We propose a frequent pattern-based algorithm for predicting functions and localizations of proteins from their primary structure (amino acid sequence). We use reduced alphabets that capture the higher rate of substitution between amino acids that are physiochemically similar. Frequent sub strings are mined from the training sequences, transformed into different alphabets, and used as features to train an ensemble of SVMs. We evaluate the performance of our algorithm using protein sub-cellular localization and protein function datasets. Pair-wise sequence-alignment-based nearest neighbor and basic SVM k-gram classifiers are included as comparison algorithms. Results show that the frequent sub string-based SVM classifier demonstrates better performance compared with other classifiers on the sub-cellular localization datasets and it performs competitively with the nearest neighbor classifier on the protein function datasets. Our results also show that the use of reduced alphabets provides statistically significant performance improvements for half of the classes studied.
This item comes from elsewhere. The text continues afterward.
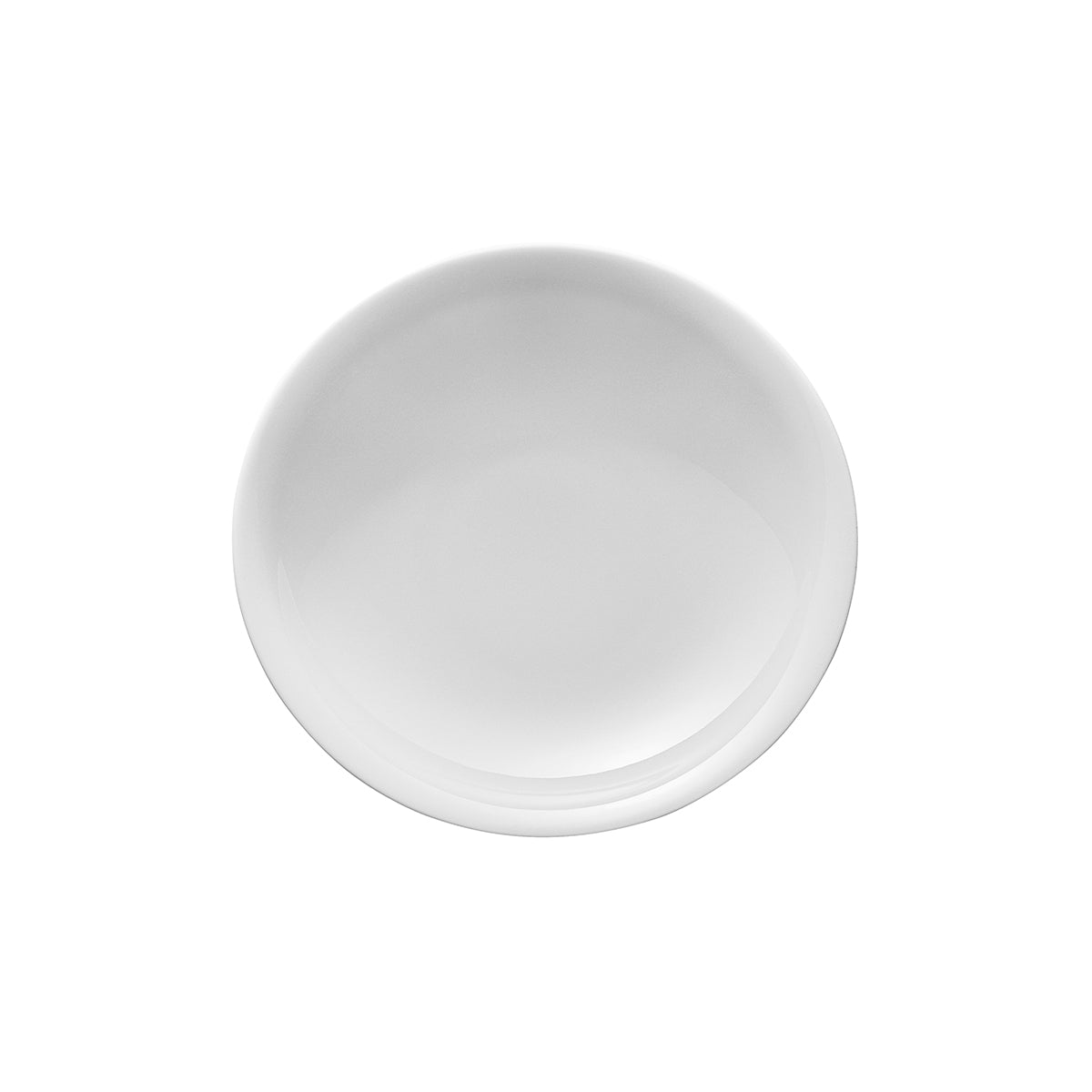 Degrenne Paris SD ONE BLANC Assiette Coupe 19 Cm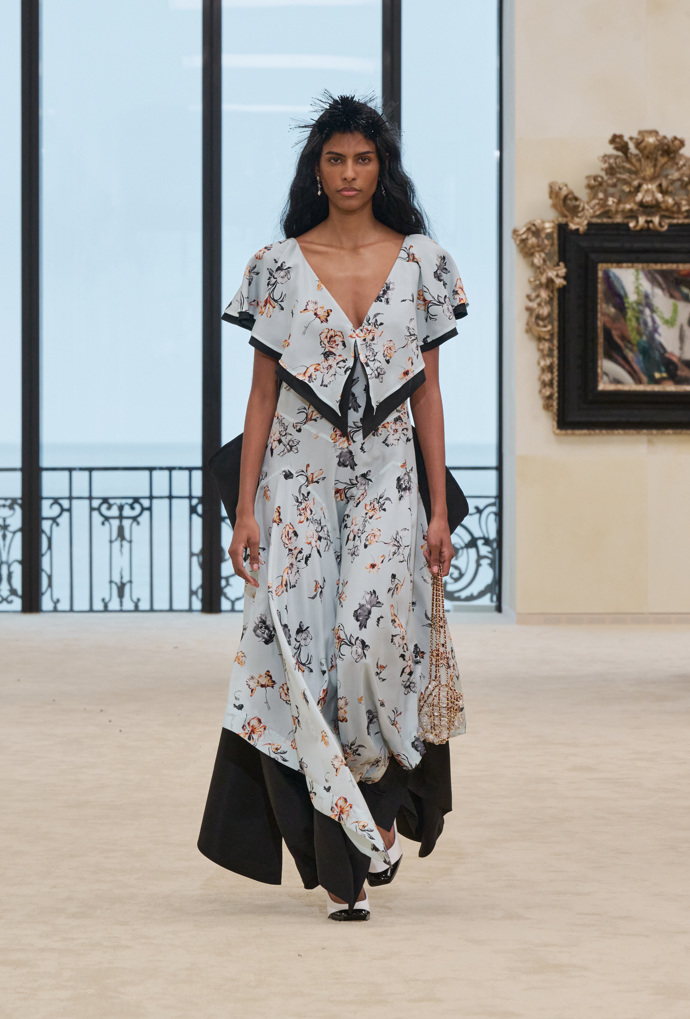 Chanel Resort SS27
基于频繁子字符串的序列分类,支持向量机集合使用约简氨基酸字母表训练
我们提出了一种基于频繁模式的算法,用于预测蛋白质的初级结构(氨基酸序列)的功能和定位。我们使用简化的字母表来捕获物理化学上相似的氨基酸之间更高的取代率。从训练序列中挖掘频繁子字符串,转换成不同的字母,并将其用作特征来训练支持向量机集合。我们使用蛋白质亚细胞定位和蛋白质功能数据集来评估算法的性能。比较算法包括基于成对序列对齐的最近邻和基本SVM k-gram分类器。结果表明,基于频繁子字符串的SVM分类器在亚细胞定位数据集上的性能优于其他分类器,在蛋白质功能数据集上的性能优于最近邻分类器。我们的结果还表明,使用简化的字母为所研究的一半的类提供了统计上显着的性能改进。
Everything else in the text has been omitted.